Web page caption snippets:
* * *

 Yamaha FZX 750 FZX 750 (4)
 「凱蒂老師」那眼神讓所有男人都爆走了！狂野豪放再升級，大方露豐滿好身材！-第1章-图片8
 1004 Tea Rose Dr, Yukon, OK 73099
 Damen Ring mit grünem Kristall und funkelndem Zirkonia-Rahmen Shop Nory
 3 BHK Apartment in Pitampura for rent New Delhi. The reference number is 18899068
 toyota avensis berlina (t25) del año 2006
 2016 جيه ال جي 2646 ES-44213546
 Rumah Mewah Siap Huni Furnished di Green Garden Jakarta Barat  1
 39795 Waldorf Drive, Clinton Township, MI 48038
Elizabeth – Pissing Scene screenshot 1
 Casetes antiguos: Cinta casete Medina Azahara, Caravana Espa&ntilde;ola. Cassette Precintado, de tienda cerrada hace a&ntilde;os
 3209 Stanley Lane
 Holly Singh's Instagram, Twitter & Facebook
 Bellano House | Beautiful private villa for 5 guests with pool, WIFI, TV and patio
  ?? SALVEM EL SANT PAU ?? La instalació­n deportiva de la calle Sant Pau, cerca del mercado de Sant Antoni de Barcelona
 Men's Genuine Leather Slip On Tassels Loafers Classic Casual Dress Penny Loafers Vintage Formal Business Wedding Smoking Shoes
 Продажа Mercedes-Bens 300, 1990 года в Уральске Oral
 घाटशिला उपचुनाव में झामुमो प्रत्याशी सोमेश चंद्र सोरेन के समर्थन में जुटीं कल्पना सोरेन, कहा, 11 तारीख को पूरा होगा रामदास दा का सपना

* * *

#### [Assignment]
Your answer must be the line holding "Damen Ring mit" plus every later line to the end of the records, copied exactly.

#### [Written solution]
 Damen Ring mit grünem Kristall und funkelndem Zirkonia-Rahmen Shop Nory
 3 BHK Apartment in Pitampura for rent New Delhi. The reference number is 18899068
 toyota avensis berlina (t25) del año 2006
 2016 جيه ال جي 2646 ES-44213546
 Rumah Mewah Siap Huni Furnished di Green Garden Jakarta Barat  1
 39795 Waldorf Drive, Clinton Township, MI 48038
Elizabeth – Pissing Scene screenshot 1
 Casetes antiguos: Cinta casete Medina Azahara, Caravana Espa&ntilde;ola. Cassette Precintado, de tienda cerrada hace a&ntilde;os
 3209 Stanley Lane
 Holly Singh's Instagram, Twitter & Facebook
 Bellano House | Beautiful private villa for 5 guests with pool, WIFI, TV and patio
  ?? SALVEM EL SANT PAU ?? La instalació­n deportiva de la calle Sant Pau, cerca del mercado de Sant Antoni de Barcelona
 Men's Genuine Leather Slip On Tassels Loafers Classic Casual Dress Penny Loafers Vintage Formal Business Wedding Smoking Shoes
 Продажа Mercedes-Bens 300, 1990 года в Уральске Oral
 घाटशिला उपचुनाव में झामुमो प्रत्याशी सोमेश चंद्र सोरेन के समर्थन में जुटीं कल्पना सोरेन, कहा, 11 तारीख को पूरा होगा रामदास दा का सपना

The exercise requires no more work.